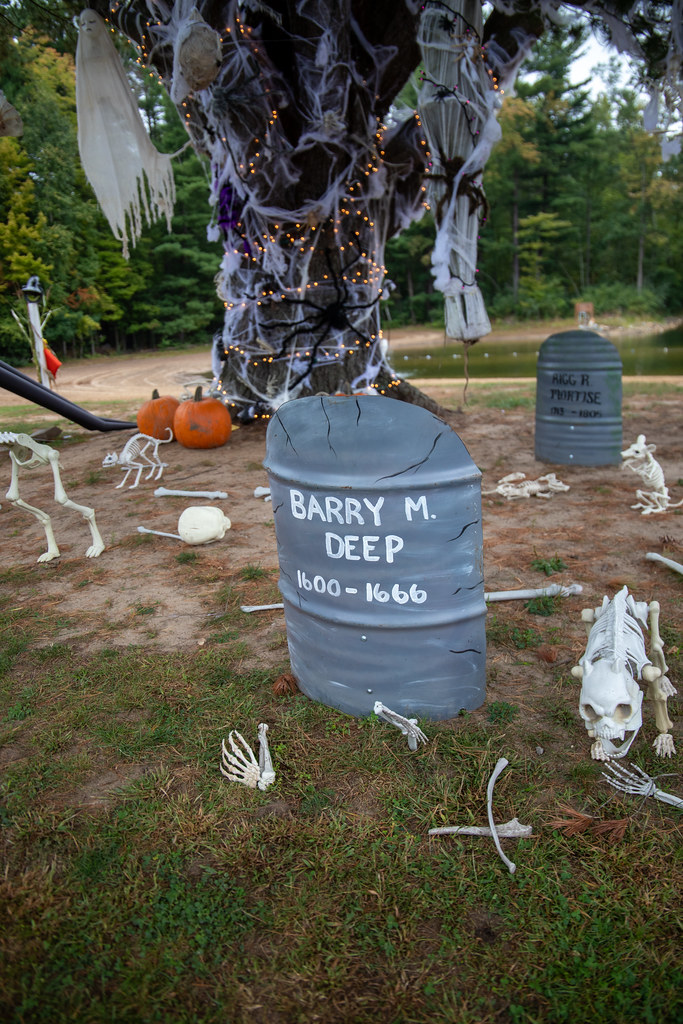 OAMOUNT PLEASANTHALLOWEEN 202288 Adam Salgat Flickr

* * *

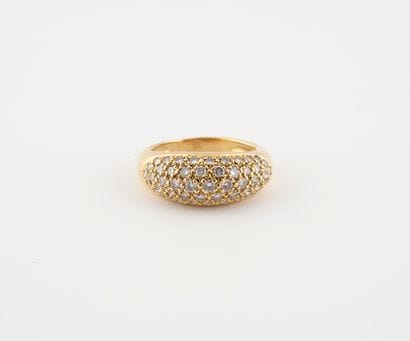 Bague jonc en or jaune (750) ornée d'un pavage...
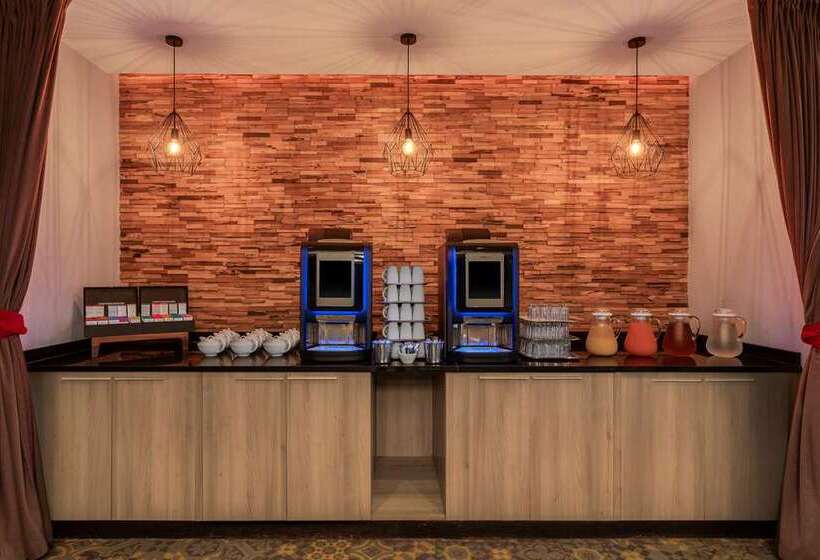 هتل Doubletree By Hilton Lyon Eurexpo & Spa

• _What is required_: Print, exactly and with no pictures, the lines of the listing above starting at the one that has "Bague jonc en" and ending at the one that has "هتل Doubletree By Hilton Lyon Eurexpo & Spa", both included.

• _Answer box_:
 Bague jonc en or jaune (750) ornée d'un pavage...
 هتل Doubletree By Hilton Lyon Eurexpo & Spa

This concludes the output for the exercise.